[LLVMdev] How to prevent insertion of memcpy()
Chandler Carruth
chandlerc at google.com
Tue May 29 11:14:17 PDT 2012
On Tue, May 29, 2012 at 11:11 AM, Jeffrey Yasskin <jyasskin at googlers.com>wrote:
> On Tue, May 29, 2012 at 10:50 AM, Chandler Carruth <chandlerc at google.com>
> wrote:
> > On Tue, May 29, 2012 at 10:46 AM, Dmitry Vyukov <dvyukov at google.com>
> wrote:
> >>
> >> On Tue, May 29, 2012 at 9:40 PM, Chandler Carruth <chandlerc at google.com
> >
> >> wrote:
> >>>>>>>
> >>>>>>> > How do I disable that feature? I've tried -fno-builtin and/or
> >>>>>>> > -ffreestanding
> >>>>>>> > with no success.
> >>>>>>> clang (as well as gcc) requires that freestanding environment
> >>>>>>> provides
> >>>>>>> memcpy, memmove, memset and memcmp.
> >>>>>>>
> >>>>>>> PS: Consider emailing cfedev, not llvmdev.
> >>>>>>
> >>>>>>
> >>>>>> Hi,
> >>>>>>
> >>>>>> Thanks. I've emailed cfe-dev.
> >>>>>> We absolutely need clang/llvm to not insert the calls into our code.
> >>>>>
> >>>>>
> >>>>> This really isn't possible.
> >>>>>
> >>>>> The C++ standard essentially requires the compiler to insert calls to
> >>>>> memcpy for certain code patterns.
> >>>>>
> >>>>> What do you really need here? Clearly you have some way of handling
> >>>>> when the user writes memcpy; what is different about Clang or LLVM
> inserting
> >>>>> memcpy?
> >>>>
> >>>>
> >>>> I need it for ThreadSanitizer runtime. In particular
> >>>>
> >>>>
> http://llvm.org/viewvc/llvm-project/compiler-rt/trunk/lib/tsan/rtl/tsan_interceptors.cc?view=annotate
> >>>> line 1238. But I had similar problems in other places.

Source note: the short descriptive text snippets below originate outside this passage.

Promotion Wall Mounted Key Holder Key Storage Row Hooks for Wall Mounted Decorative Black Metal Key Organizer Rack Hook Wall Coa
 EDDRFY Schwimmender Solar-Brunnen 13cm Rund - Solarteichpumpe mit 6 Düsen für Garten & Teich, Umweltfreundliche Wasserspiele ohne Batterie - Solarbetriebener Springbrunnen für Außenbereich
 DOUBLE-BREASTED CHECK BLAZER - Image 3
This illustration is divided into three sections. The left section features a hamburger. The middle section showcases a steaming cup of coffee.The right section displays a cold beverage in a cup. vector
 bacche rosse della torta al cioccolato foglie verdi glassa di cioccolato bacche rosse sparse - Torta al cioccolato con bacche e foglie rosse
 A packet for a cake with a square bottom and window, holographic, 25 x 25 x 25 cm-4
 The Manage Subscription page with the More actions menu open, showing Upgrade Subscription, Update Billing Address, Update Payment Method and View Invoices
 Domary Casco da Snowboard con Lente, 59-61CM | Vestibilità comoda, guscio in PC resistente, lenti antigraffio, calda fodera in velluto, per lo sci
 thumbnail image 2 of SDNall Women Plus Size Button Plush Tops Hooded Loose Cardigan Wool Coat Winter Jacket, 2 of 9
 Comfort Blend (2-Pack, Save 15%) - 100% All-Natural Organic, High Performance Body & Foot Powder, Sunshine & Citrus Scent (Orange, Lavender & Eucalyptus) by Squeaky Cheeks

> >>>> Both memory access processing and signal handling are quite tricky, we
> >>>> can't allow recursion.
> >>>
> >>>
> >>> The first thing to think about is that you *do* need to use
> -fno-builtin
> >>> / -ffreestanding when compiling the runtime because it provides its own
> >>> implementations of memcpy.
> >>
> >>
> >> We used both at some points in time, but the problem is that they do not
> >> help to solve the problem. I think we use -fno-builtin now, I am not
> sure
> >> about -ffreestanding.
> >>
> >>> The second is that there is no way to write fully generic C++ code w/o
> >>> inserting calls to memcpy. =/ If you are writing your memcpy
> implementation,
> >>> you'll have to go to great lengths to use C constructs that are
> guaranteed
> >>> to not cause this behavior, or to manually call an un-instrumented
> memcpy
> >>> implementation. I don't know of any easy ways around this.
> >>
> >>
> >> What are these magic constructs. I had problems with both struct copies
> >> and for loops.
> >
> >
> > Don't copy things by value ever. =/ It is really, *really* hard to do
> this.
> > If at all possible, I would build your runtime against an un-instrumented
> > memcpy (perhaps defined within the runtime), and then use aliases or
> other
> > techniques to wrap the instrumented functions in the exported names
> > necessary for use when intercepting memcpy calls from the instrumented
> > program.
>
> There are some other platforms that absolutely can't tolerate function
> calls. Do they have an attribute or pass to tell LLVM to inline any
> functions it or clang inserts? Could Dmitry do the same thing?
>
Yes, there are attributes which can be attached to the non-instrumented
memcpy function, provided by the runtime and selected due to
-ffreestanding, which will force inlining. __attribute__((always_inline)),
__attribute__((flatten)). I suspect we don't correctly support the latter
in Clang/LLVM, but that's clearly a missing feature we should fix.